The bill sets out the conditions under which investors may benefit from this tax measure:

  • The start-up must be less than five years old, have its registered office in Luxembourg, and constitute a ’permanent establishment‘ (PE), meaning it must employ at least two full-time equivalent staff, but fewer than 50. Its annual turnover must not exceed 10 million euros (EUR). To ensure a degree of innovation, at least 15% of its expenditure must be dedicated to research and development (R&D). Law firms and companies operating in the real estate sector are expressly excluded from this scheme.
  • The investor must hold the capital for a minimum of three years and must not have any direct employment relationship with the start-up, nor be its founder. The investment must exceed EUR 10,000 but may not represent more than 30% of the start-up’s capital.
  • The tax credit is set at 20% of the capital invested, capped at EUR 100,000 per year.

This new start-up tax credit would apply as of the 2026 tax year.

In addition, the Luxembourg government is currently considering introducing a dedicated stock-option income tax regime for employees in start-ups and as well as a reform of the income tax regime of carried interest.

Real estate

Considering the continuous tension in relation to Luxembourg real estate, notably due to the high long-term interest rates that affect the borrowing capacity of households, the Law dated 22 May 2024 introduced new temporary measures in order to boost the housing market. These temporary measures were initially taken only for the tax year 2024. However, the following measures have been extended for an additional period of six months (i.e. until 30 September 2025).

If the deadline of 30 June 2025 is upheld, purchasers will simply need to register either a signed sales agreement or a signed reservation contract relating to a sale in future state of completion with the Administration for Registration, Estates and VAT (AED) by this date at the latest. The acquisition must then be formalised by a notarial deed executed between 1 July 2025 and 30 September 2025.

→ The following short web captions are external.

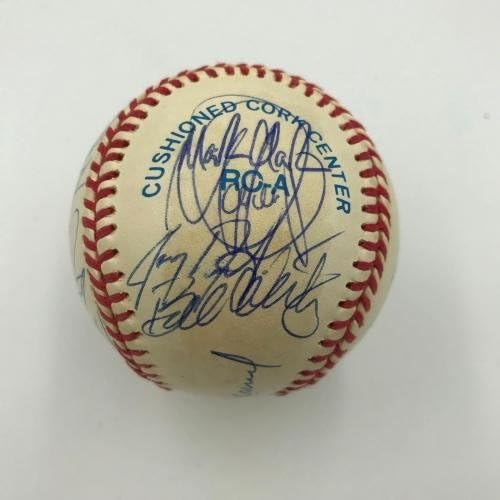 Най-ранният Известен Начинаещ Джим Е 1993 година в отбора на Шарлот Knights подписа бейзболен договор JSA - Бейзболни топки с автографи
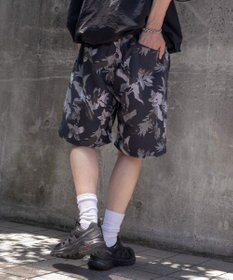 WEGO 【ウエストゴム】パターンナイロンイージーショーツ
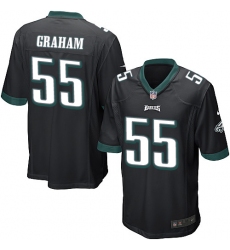 Men's Nike Philadelphia Eagles #55 Brandon Graham Game Black Alternate NFL Jersey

The tax measures covered by the draft law are as follows:

  • A rental credit (crédit d’impôt location) on registration and transcription fees of EUR 20,000 maximum per individual investor (EUR 40,000 per couple investor) under specific conditions for all property acquisitions intended for rent.
  • A 50% reduction in the taxable base for registration and transactions duties.
  • Accelerated depreciation rate of 6% per year for the first six years following the building completion (abatement immobilier spécial) for individual who signed a deed ‘VEFA‘ (i.e. off-plan purchase) for buildings intended for rent.
  • Taxation of capital gains on disposal at a quarter of the overall rate for property making part of the private wealth of the individual taxpayer.
  • Exemption of capital gains in the event of transfer to properties used for social rented management or to residential buildings achieving an A+ energy rating.

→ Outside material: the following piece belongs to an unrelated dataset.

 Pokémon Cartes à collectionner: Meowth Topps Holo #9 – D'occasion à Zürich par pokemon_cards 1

The current tax credit (Bëllegen Akt) providing for an allowance on registration and transcription fees of EUR 40,000 per individual purchaser (EUR 80,000 per couple purchaser) for the acquisition of the main residence should become permanent beyond 30 June 2025, provided that Draft Bill 8540, presented to the Parliament on 20 May 2025, is passed.

Since 1 January 2024, passive interest in connection to the main residence is fully tax deductible within the Luxembourg individual income tax return for the year of the determination of the rental value and for the first year following the year of the determination of the rental value.

Adjustments to personal income tax (PIT) brackets

For employees, the PIT brackets have been adjusted by an equivalent of two and a half index tranches as of 2025, leading to a reduction of PIT as of 1 January 2024 (see the Taxes on personal income section).